- [Data in this exercise]:
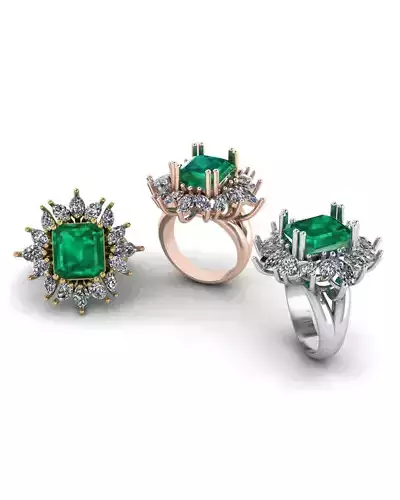emerald and marquise high jewelry ring 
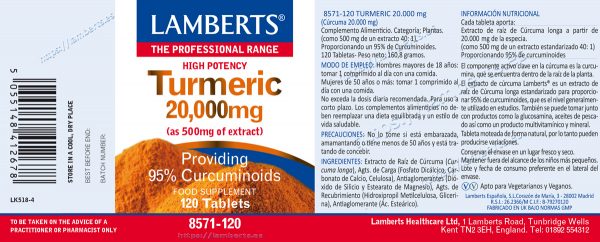 Cúrcuma 20.000mg 120 tabletas - Imagen 2
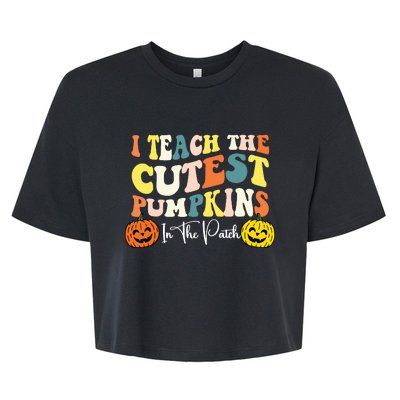 I Teach The Cutest Pumpkins In The Patch Teacher Fall Bella+Canvas Jersey Crop Tee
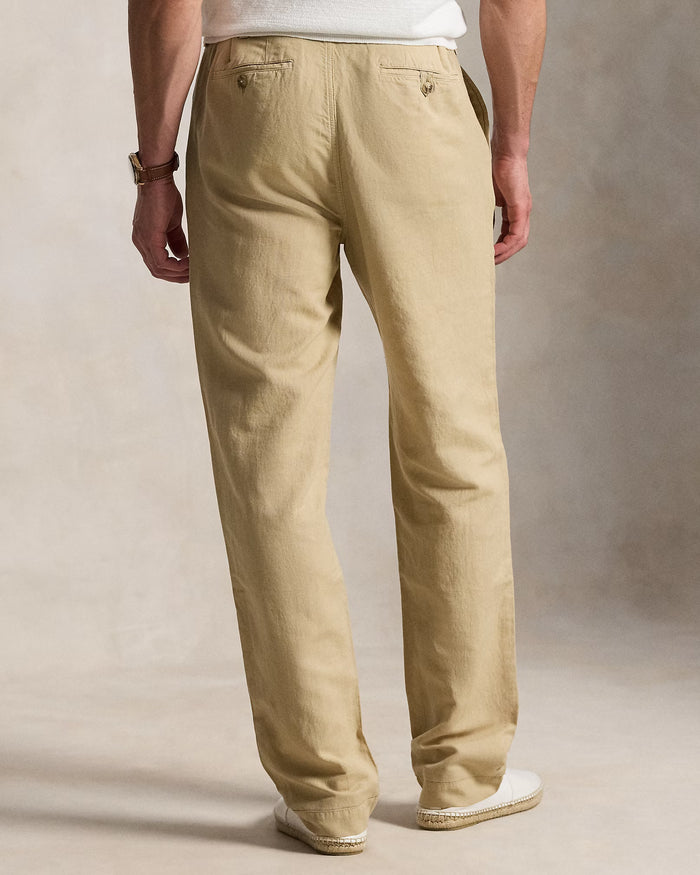 Men's Ralph Lauren Button Linen Pants (Beige)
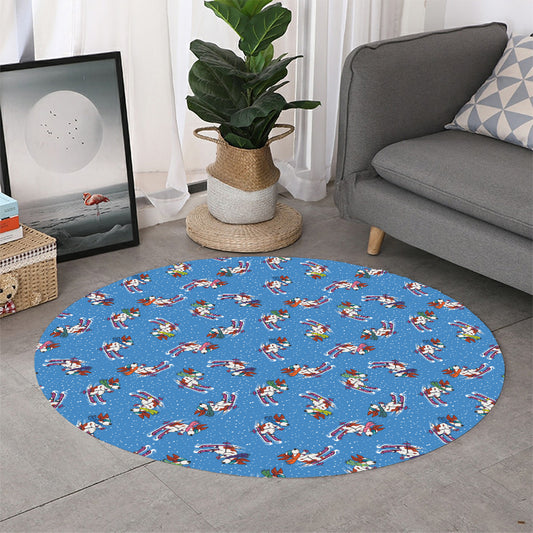 Skiing Dog Pattern Print Round Rug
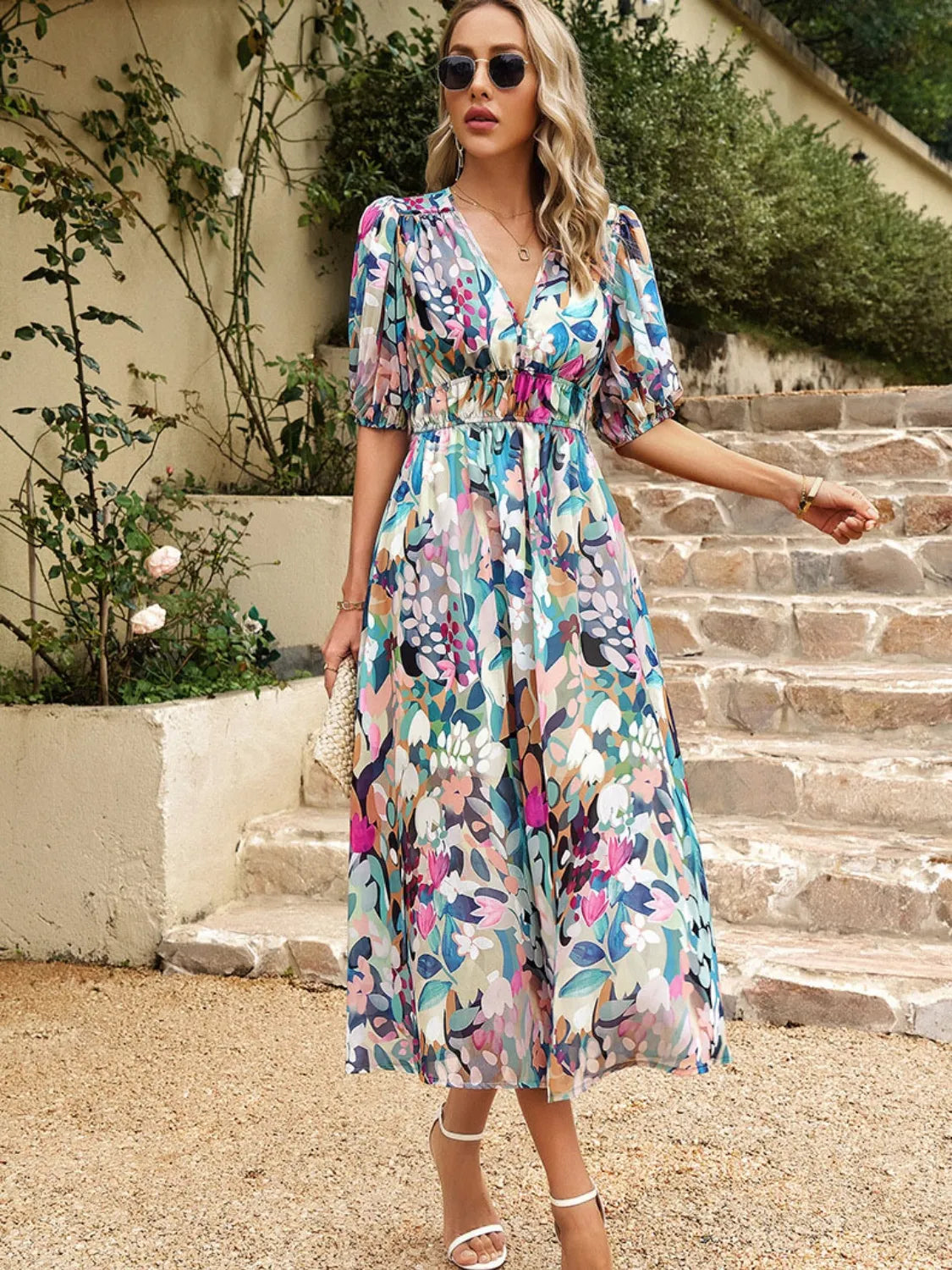 Printed Puff Sleeve Midi Dress.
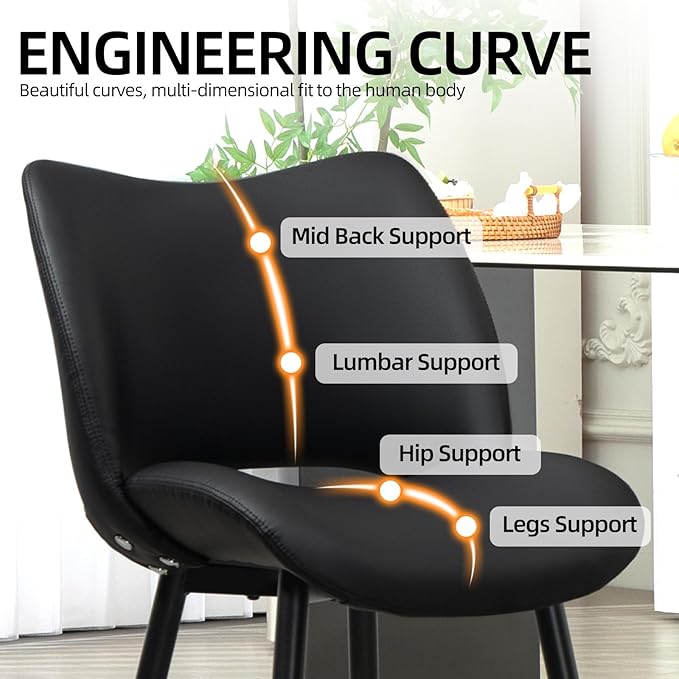 Modern Upholstered Dining Chairs Set of 2 Accent Dinner Chair with Pu Faux Leather and Middle Curved Back for Kitchen Living Room Bedroom (Black)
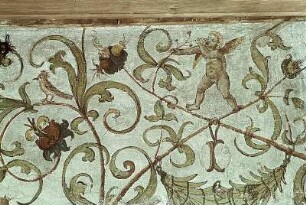 Rankenwerk mit naschendem Putto und Wiedehopf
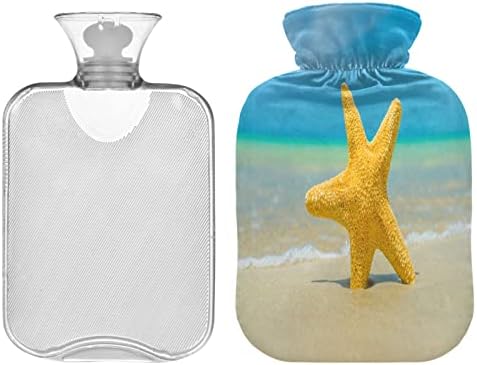 ZZXXB כוכבי ים על בקבוק מים קרים חמים עם כיסוי פליס 2 ליטר PVC שקית מים חמים לצוואר, כאבי כתפיים,
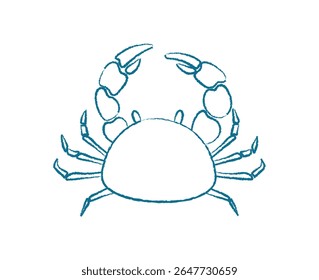 Crab silhouette in chalk style. Marine creature in underwater ocean. Doodle visual style, potential for use aquariums or educational materials.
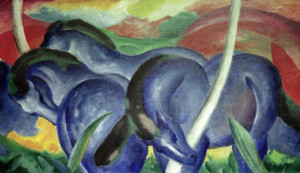 Foto Teppich - Franz Marc Large Blue Horses 1911 oder mit Eigenem Foto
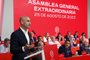 In this handout image released by the Spanish Royal Football Federation (RFEF) on August 25, 2023, RFEF President Luis Rubiales delivers a speech during an extraordinary general assembly of the federation on August 25, 2023 in Las Rozas de Madrid. Spanish football chief Luis Rubiales refused to resign today after a week of heavy criticism for his for his unsolicited kiss on the lips of female player Jenni Hermoso following Spain's Women's World Cup triumph. (Photo by Eidan RUBIO / RFEF / AFP) / RESTRICTED TO EDITORIAL USE - MANDATORY CREDIT "AFP PHOTO / RFEF / EIDAN RUBIO  " - NO MARKETING NO ADVERTISING CAMPAIGNS - DISTRIBUTED AS A SERVICE TO CLIENTSEditoria: CLJLocal: Las Rozas de MadridIndexador: EIDAN RUBIOSecao: soccerFonte: RFEFFotógrafo: Handout<!-- NICAID(15520313) -->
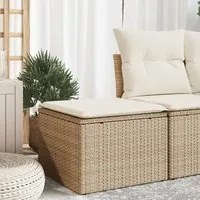 Sgabello Giardino con Cuscino Beige 55x55x37 cm in Polyrattan 366055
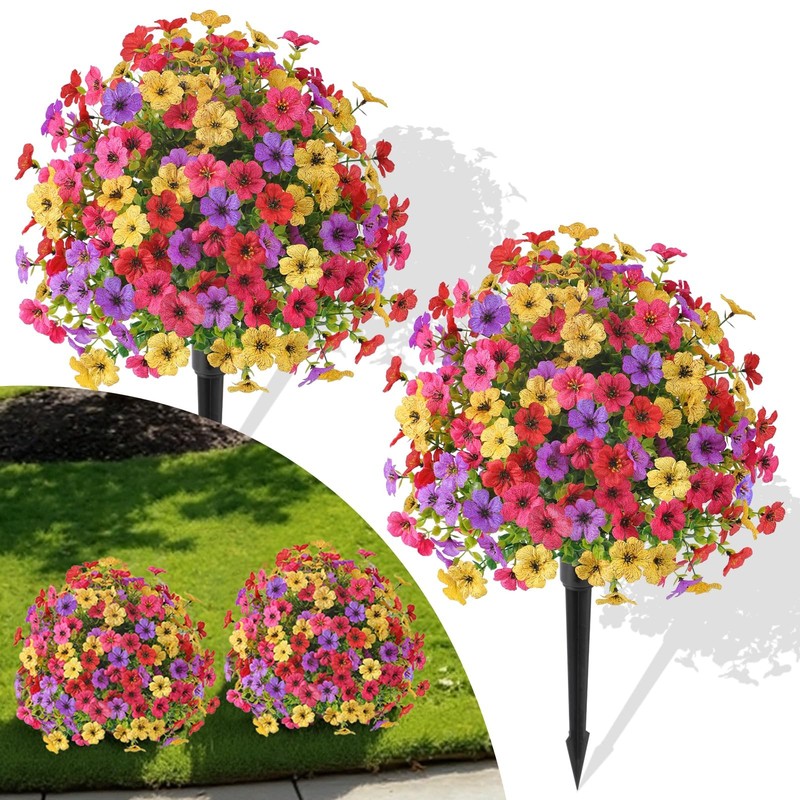 2Pcs 20″ Artificial Topiary Ball Flowers for Outdoors Planters, Spring Decoratio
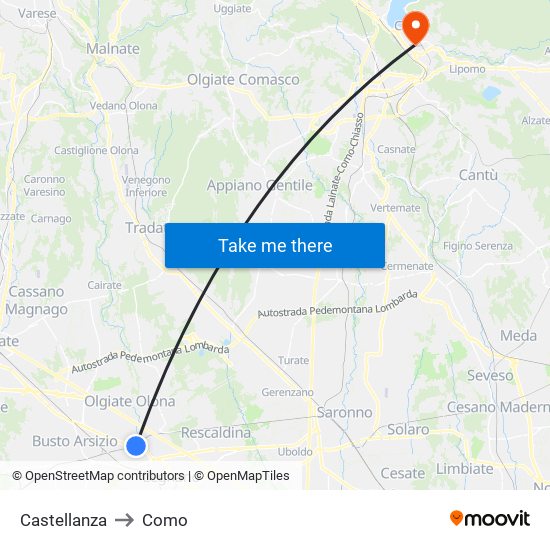 Castellanza to Como map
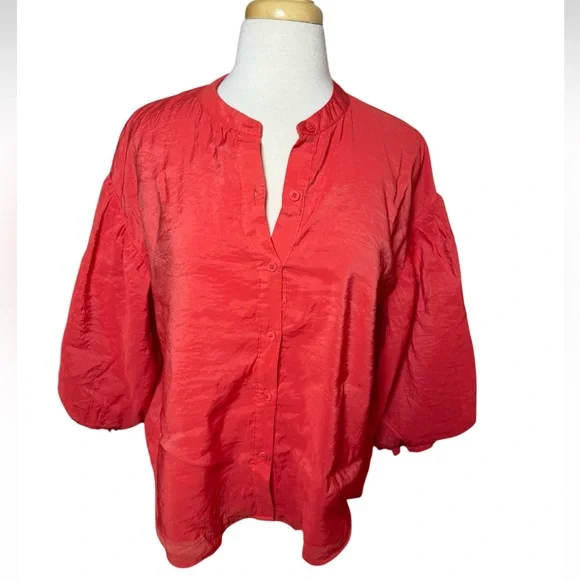 Fate Far From Over Puff Sleeve Red Button-Up Blouse-Size Medium - Picture 1 of 8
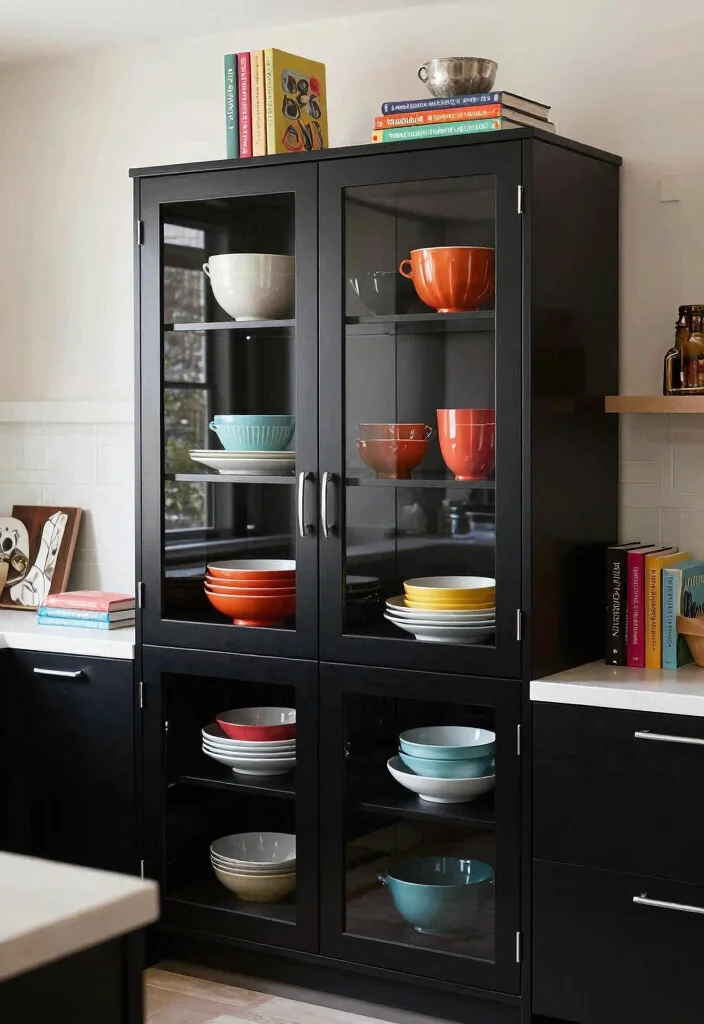 16 Kitchen Cabinets Glass Doors Ideas With Elegant Display - 12. Chic Black Glass Cabinets 1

- [Exercise description]:
Transcribe exactly the portion of the material above that runs from the line containing "Crab silhouette in" through its last line, omitting all pictures.

- [Exercise answer]:
 Crab silhouette in chalk style. Marine creature in underwater ocean. Doodle visual style, potential for use aquariums or educational materials.
 Foto Teppich - Franz Marc Large Blue Horses 1911 oder mit Eigenem Foto
 In this handout image released by the Spanish Royal Football Federation (RFEF) on August 25, 2023, RFEF President Luis Rubiales delivers a speech during an extraordinary general assembly of the federation on August 25, 2023 in Las Rozas de Madrid. Spanish football chief Luis Rubiales refused to resign today after a week of heavy criticism for his for his unsolicited kiss on the lips of female player Jenni Hermoso following Spain's Women's World Cup triumph. (Photo by Eidan RUBIO / RFEF / AFP) / RESTRICTED TO EDITORIAL USE - MANDATORY CREDIT "AFP PHOTO / RFEF / EIDAN RUBIO  " - NO MARKETING NO ADVERTISING CAMPAIGNS - DISTRIBUTED AS A SERVICE TO CLIENTSEditoria: CLJLocal: Las Rozas de MadridIndexador: EIDAN RUBIOSecao: soccerFonte: RFEFFotógrafo: Handout<!-- NICAID(15520313) -->
 Sgabello Giardino con Cuscino Beige 55x55x37 cm in Polyrattan 366055
 2Pcs 20″ Artificial Topiary Ball Flowers for Outdoors Planters, Spring Decoratio
 Castellanza to Como map
 Fate Far From Over Puff Sleeve Red Button-Up Blouse-Size Medium - Picture 1 of 8
 16 Kitchen Cabinets Glass Doors Ideas With Elegant Display - 12. Chic Black Glass Cabinets 1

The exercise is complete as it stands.